- What to produce:
Wherever pictures appear in the listing below, leave them out, and copy exactly, and only, everything from the line with "Aw Hotel Salitre Real Bogotá Eksteriør bilde" down to the line with "Integrated screw oil press Soybean oil".

- Input for this task:
::::::::::
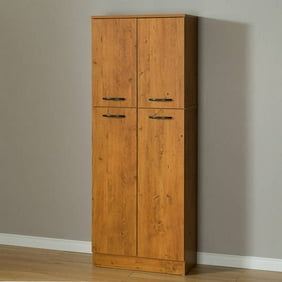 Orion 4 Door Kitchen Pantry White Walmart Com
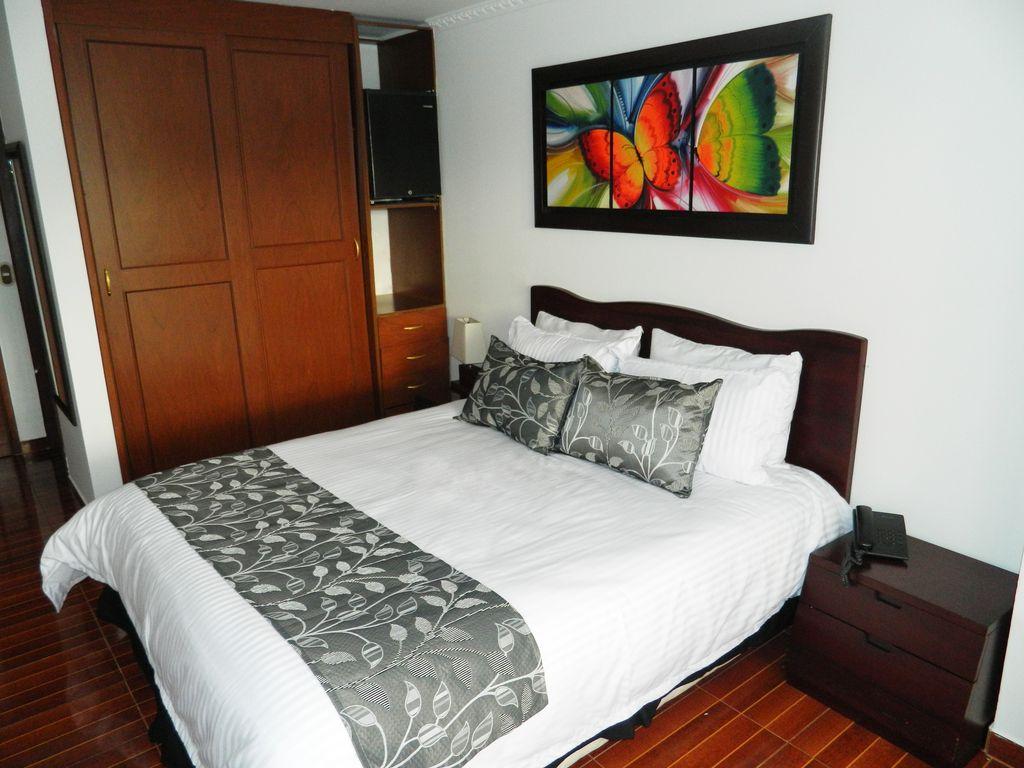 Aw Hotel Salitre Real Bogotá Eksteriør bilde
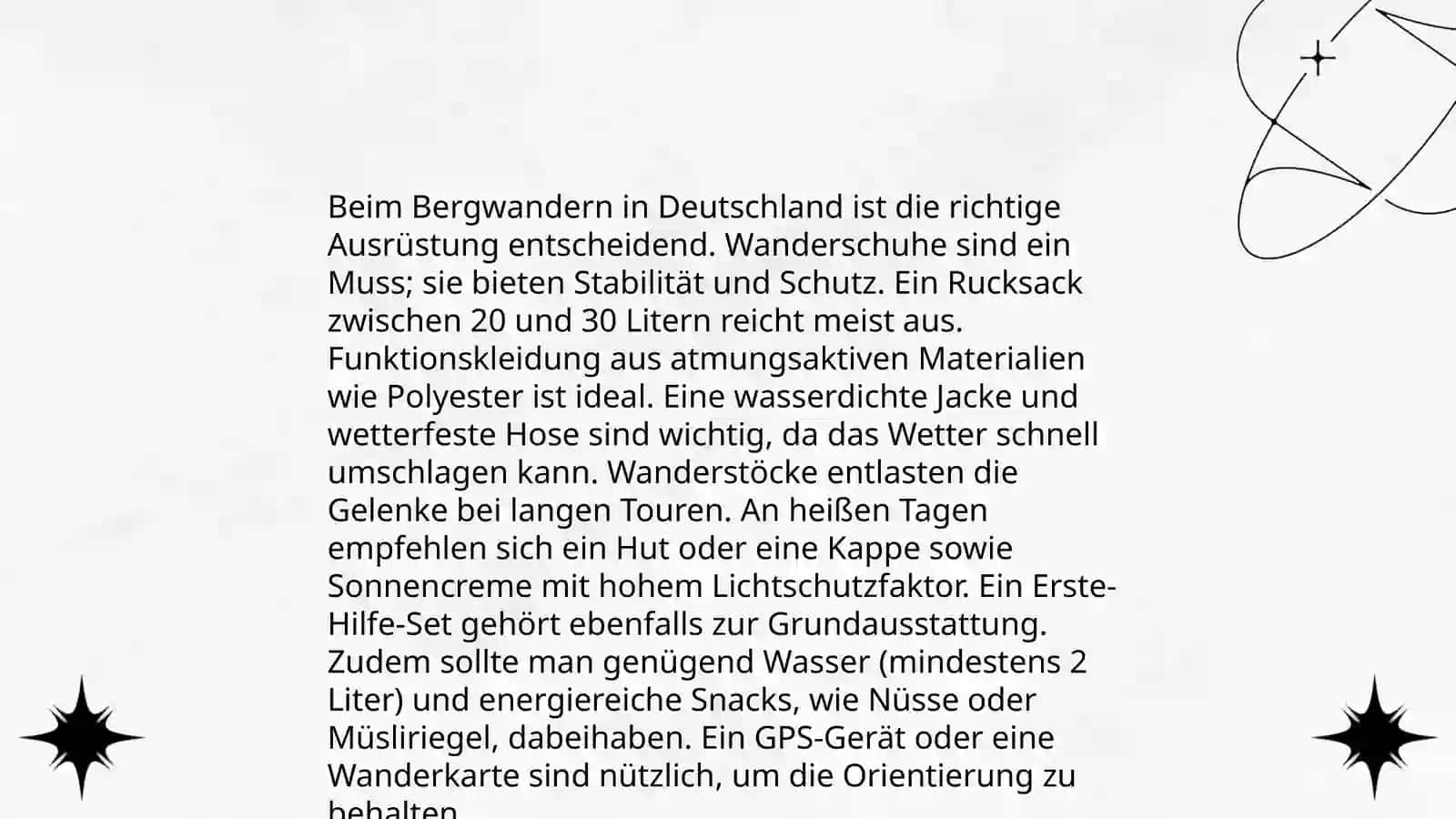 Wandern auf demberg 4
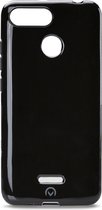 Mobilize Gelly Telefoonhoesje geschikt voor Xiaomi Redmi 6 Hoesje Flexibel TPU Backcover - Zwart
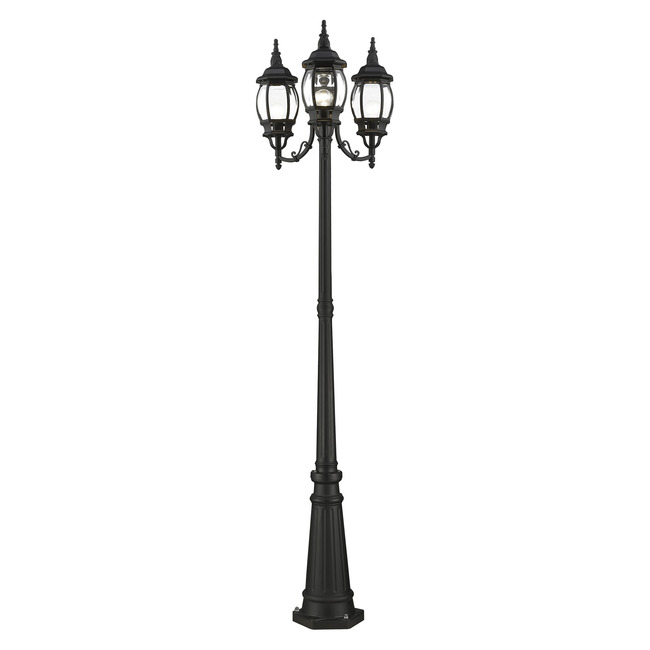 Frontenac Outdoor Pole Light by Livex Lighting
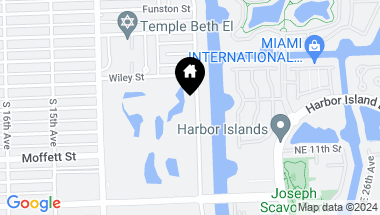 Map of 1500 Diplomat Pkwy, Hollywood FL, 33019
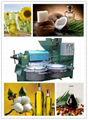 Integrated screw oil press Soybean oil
::::::::::
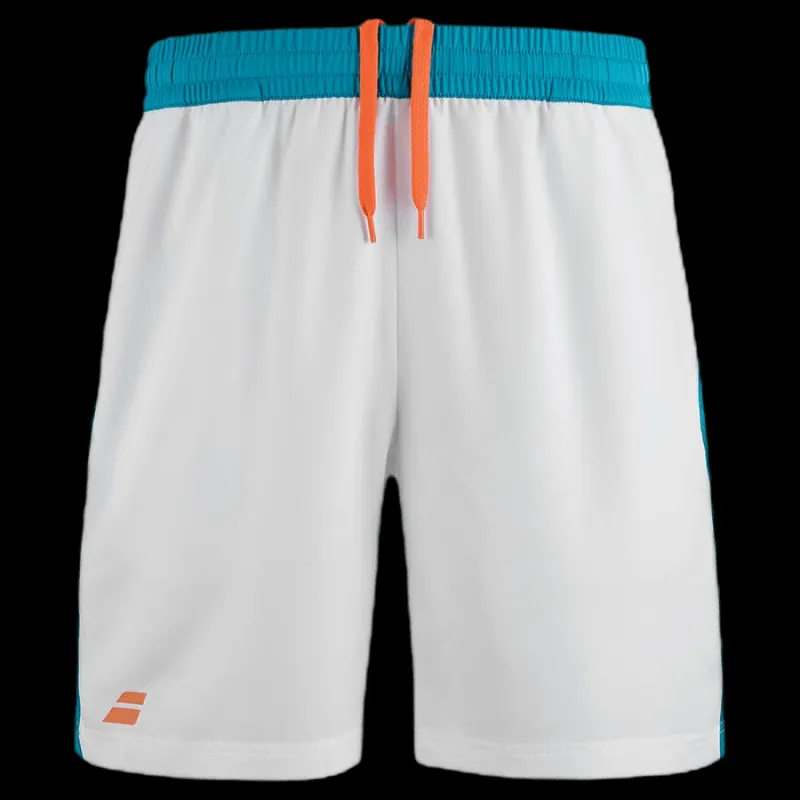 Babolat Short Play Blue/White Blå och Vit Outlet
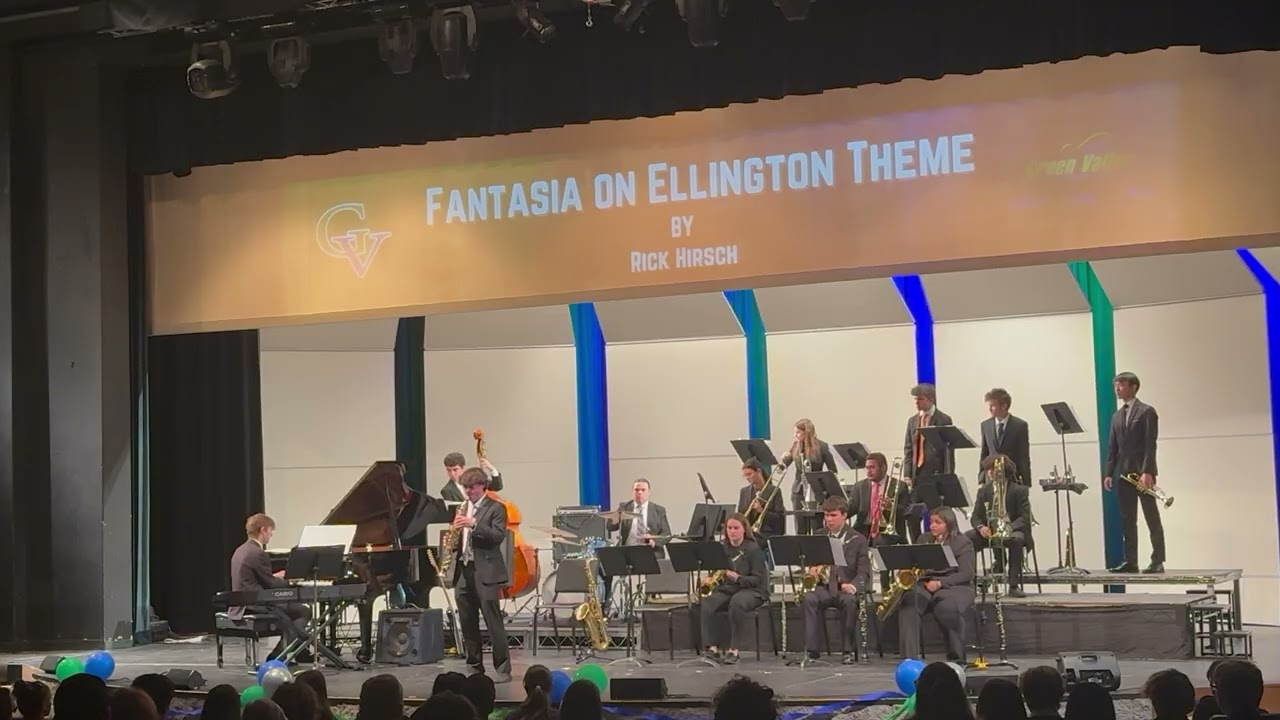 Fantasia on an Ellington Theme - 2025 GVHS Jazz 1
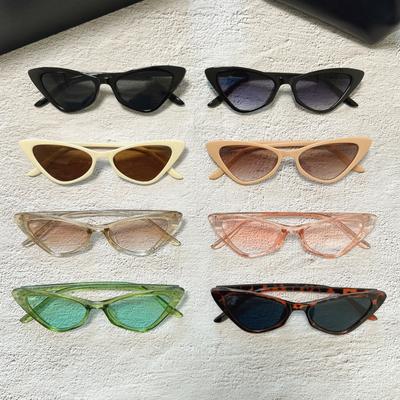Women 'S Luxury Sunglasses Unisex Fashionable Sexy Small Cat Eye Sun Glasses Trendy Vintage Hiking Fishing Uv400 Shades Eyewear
::::::::::
- Result of the task:
 Aw Hotel Salitre Real Bogotá Eksteriør bilde
 Wandern auf demberg 4
 Mobilize Gelly Telefoonhoesje geschikt voor Xiaomi Redmi 6 Hoesje Flexibel TPU Backcover - Zwart
 Frontenac Outdoor Pole Light by Livex Lighting
 Map of 1500 Diplomat Pkwy, Hollywood FL, 33019
 Integrated screw oil press Soybean oil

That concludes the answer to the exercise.